▶ [Exercise instructions] Take the entries that follow and return exactly the lines from the one holding "Bed Step Assembly" through the one holding "Gajin svet 3 film tretji del nadaljevanje", both included. Nothing else is needed.

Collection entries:
· · · · · · ·
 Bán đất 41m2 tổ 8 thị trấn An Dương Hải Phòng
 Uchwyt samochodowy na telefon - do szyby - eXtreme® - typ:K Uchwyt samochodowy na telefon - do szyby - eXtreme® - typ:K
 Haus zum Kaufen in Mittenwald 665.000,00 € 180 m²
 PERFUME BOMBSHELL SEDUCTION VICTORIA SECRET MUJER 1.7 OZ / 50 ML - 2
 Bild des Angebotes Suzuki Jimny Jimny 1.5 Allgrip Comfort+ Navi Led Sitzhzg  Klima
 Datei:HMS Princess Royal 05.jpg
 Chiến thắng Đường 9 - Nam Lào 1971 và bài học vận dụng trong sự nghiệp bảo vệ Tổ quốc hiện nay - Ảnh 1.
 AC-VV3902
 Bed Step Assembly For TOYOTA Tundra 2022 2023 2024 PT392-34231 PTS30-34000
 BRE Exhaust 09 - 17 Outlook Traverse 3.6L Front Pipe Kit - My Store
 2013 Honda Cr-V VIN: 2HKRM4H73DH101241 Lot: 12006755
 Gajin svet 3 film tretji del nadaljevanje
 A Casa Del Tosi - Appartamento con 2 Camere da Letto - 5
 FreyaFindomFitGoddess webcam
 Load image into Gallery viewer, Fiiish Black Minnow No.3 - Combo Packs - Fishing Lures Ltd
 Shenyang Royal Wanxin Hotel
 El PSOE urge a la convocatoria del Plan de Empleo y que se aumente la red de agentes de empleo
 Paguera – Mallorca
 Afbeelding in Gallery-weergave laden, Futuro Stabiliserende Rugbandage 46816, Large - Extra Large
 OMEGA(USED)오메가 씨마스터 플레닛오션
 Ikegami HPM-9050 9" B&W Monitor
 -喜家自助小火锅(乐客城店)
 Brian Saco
· · · · · · ·
▶ [Solution to this exercise]
 Bed Step Assembly For TOYOTA Tundra 2022 2023 2024 PT392-34231 PTS30-34000
 BRE Exhaust 09 - 17 Outlook Traverse 3.6L Front Pipe Kit - My Store
 2013 Honda Cr-V VIN: 2HKRM4H73DH101241 Lot: 12006755
 Gajin svet 3 film tretji del nadaljevanje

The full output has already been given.